Zur Unterstützung nach dem Terroranschlag vom 9. Oktober 2019 haben sich Halle gegen Rechts – Bündnis für Zivilcourage die Regionalgruppe von Aktion Sühnezeichen Friedensdienste, Miteinander e.V. und der Studierendenrat der Universität Halle dafür erfolgreich einen Antrag bei der Stiftung “Erinnerung, Verantwortung und Zukunft” (EVZ) eingereicht. 

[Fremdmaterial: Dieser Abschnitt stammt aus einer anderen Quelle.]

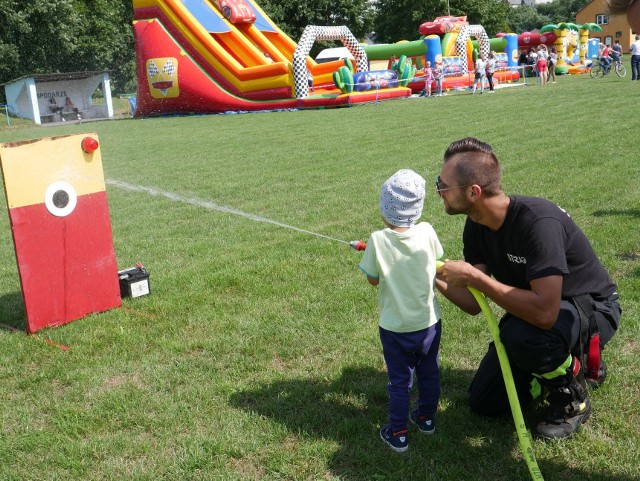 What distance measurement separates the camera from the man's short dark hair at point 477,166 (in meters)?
3.21

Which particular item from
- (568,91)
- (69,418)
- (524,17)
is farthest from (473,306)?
(524,17)

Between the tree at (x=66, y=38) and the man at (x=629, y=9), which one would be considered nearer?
the man at (x=629, y=9)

Das Projekt mit dem Namen “Koalition gegen Antisemitismus in Halle” soll auf lokaler Ebene dazu beitragen, Antisemitismus zu erkennen und gemeinsam gegen diesen handlungsfähig zu werden. Die Mitglieder der Koalition verpflichten sich dazu, in ihrer eigenen Organisation eine interne Bildungsveranstaltung durchzuführen und sich an mindestens einer gemeinsamen Aktion in der Stadt zu beteiligen. Für diese Aktionen hat die Koalition drei Schwerpunkte: Das Festjahr 2021 jüdisches Leben in Deutschland, den Jahrestag des Anschlags vom 9. Oktober 2019 und Aktionen im öffentlichen Raum gegen Antisemitismus (wie Plakatkampagnen, Infostände, kreative Formate). 

“Wir haben gesehen, dass sich nach dem Anschlag 2019 viele in Halle gegen Antisemitismus engagieren wollten, uns aber auch oft gesagt haben, dass sie gar nicht genug über Antisemitismus wissen”, so Valentin Hacken, Sprecher von Halle gegen Rechts. Daher verfolgt das Projekt den Ansatz, dass alle Mitglieder der Koalition zunächst interne Bildungsveranstaltungen organisieren, um sich danach gemeinsam zu engagieren. Dabei werden sie durch eine hauptamtliche Projektkoordination beraten und unterstützt.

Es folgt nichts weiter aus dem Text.